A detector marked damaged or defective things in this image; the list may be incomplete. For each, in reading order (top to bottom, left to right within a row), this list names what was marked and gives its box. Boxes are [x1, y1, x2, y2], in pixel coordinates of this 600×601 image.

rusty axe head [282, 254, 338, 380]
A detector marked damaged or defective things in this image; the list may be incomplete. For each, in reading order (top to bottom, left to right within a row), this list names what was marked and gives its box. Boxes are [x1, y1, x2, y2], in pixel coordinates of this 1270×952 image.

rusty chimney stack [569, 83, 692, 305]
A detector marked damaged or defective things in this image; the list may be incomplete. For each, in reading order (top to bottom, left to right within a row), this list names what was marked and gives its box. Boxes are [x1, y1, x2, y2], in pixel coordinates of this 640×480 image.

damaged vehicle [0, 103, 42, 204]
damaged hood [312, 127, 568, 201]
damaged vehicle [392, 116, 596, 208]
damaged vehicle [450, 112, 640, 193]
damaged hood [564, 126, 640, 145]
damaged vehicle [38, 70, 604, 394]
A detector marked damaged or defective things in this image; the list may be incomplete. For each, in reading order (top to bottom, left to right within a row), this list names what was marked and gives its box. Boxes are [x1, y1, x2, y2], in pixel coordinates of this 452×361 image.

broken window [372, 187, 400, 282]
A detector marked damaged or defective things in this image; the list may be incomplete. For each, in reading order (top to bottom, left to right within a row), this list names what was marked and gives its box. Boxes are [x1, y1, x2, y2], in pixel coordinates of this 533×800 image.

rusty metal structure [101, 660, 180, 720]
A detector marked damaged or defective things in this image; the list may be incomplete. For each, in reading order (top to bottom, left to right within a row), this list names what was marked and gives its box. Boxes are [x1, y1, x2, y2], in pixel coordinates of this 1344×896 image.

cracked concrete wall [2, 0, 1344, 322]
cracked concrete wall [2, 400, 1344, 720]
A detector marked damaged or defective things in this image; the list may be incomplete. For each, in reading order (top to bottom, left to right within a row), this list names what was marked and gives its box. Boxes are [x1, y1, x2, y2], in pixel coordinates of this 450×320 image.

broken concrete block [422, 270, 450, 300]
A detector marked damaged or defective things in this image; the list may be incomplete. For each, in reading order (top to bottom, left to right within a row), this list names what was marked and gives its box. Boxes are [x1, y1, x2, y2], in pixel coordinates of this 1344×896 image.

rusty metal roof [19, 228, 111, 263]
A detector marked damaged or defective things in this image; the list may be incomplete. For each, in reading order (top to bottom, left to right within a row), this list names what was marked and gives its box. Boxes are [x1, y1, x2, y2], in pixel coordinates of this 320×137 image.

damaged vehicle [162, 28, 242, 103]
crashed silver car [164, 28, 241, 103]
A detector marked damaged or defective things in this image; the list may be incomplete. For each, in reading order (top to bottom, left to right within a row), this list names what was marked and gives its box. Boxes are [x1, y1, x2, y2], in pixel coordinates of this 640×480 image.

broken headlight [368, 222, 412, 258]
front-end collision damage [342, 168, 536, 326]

--*--

Please output the full listing, keeping every character the same.

YOUR RESPONSE:
A detector marked damaged or defective things in this image; the list may be incomplete. For each, in reading order (top to bottom, left to right within a row), this list names what was marked and gives its box. Boxes are [x1, y1, x2, y2], in pixel coordinates of this 600×601 image.

rusty axe head [282, 254, 338, 380]
A detector marked damaged or defective things in this image; the list may be incomplete. For each, in reading order (top to bottom, left to right within a row), this list names what was marked and gives its box. Boxes are [x1, y1, x2, y2], in pixel coordinates of this 1270×952 image.

rusty chimney stack [569, 83, 692, 305]
A detector marked damaged or defective things in this image; the list may be incomplete. For each, in reading order (top to bottom, left to right within a row), this list names what was marked and gives its box. Boxes are [x1, y1, x2, y2], in pixel coordinates of this 640×480 image.

damaged vehicle [0, 103, 42, 204]
damaged hood [312, 127, 568, 201]
damaged vehicle [392, 116, 596, 208]
damaged vehicle [450, 112, 640, 193]
damaged hood [564, 126, 640, 145]
damaged vehicle [38, 70, 604, 394]
A detector marked damaged or defective things in this image; the list may be incomplete. For each, in reading order (top to bottom, left to right within a row), this list names what was marked and gives its box. Boxes are [x1, y1, x2, y2], in pixel coordinates of this 452×361 image.

broken window [372, 187, 400, 282]
A detector marked damaged or defective things in this image; the list may be incomplete. For each, in reading order (top to bottom, left to right within a row), this list names what was marked and gives its box. Boxes are [x1, y1, x2, y2], in pixel coordinates of this 533×800 image.

rusty metal structure [101, 660, 180, 720]
A detector marked damaged or defective things in this image; the list may be incomplete. For each, in reading order (top to bottom, left to right within a row), this list names what was marked and gives its box. Boxes are [x1, y1, x2, y2], in pixel coordinates of this 1344×896 image.

cracked concrete wall [2, 0, 1344, 322]
cracked concrete wall [2, 400, 1344, 720]
A detector marked damaged or defective things in this image; the list may be incomplete. For each, in reading order (top to bottom, left to right within a row), this list names what was marked and gives its box. Boxes are [x1, y1, x2, y2], in pixel coordinates of this 450×320 image.

broken concrete block [422, 270, 450, 300]
A detector marked damaged or defective things in this image; the list may be incomplete. For each, in reading order (top to bottom, left to right within a row), this list names what was marked and gives its box. Boxes are [x1, y1, x2, y2], in pixel coordinates of this 1344×896 image.

rusty metal roof [19, 228, 111, 263]
A detector marked damaged or defective things in this image; the list may be incomplete. For each, in reading order (top to bottom, left to right within a row), this list names what was marked and gives its box. Boxes are [x1, y1, x2, y2], in pixel coordinates of this 320×137 image.

damaged vehicle [162, 28, 242, 103]
crashed silver car [164, 28, 241, 103]
A detector marked damaged or defective things in this image; the list may be incomplete. For each, in reading order (top to bottom, left to right within a row), this list names what was marked and gives its box. Boxes are [x1, y1, x2, y2], in pixel coordinates of this 640×480 image.

broken headlight [368, 222, 412, 258]
front-end collision damage [342, 168, 536, 326]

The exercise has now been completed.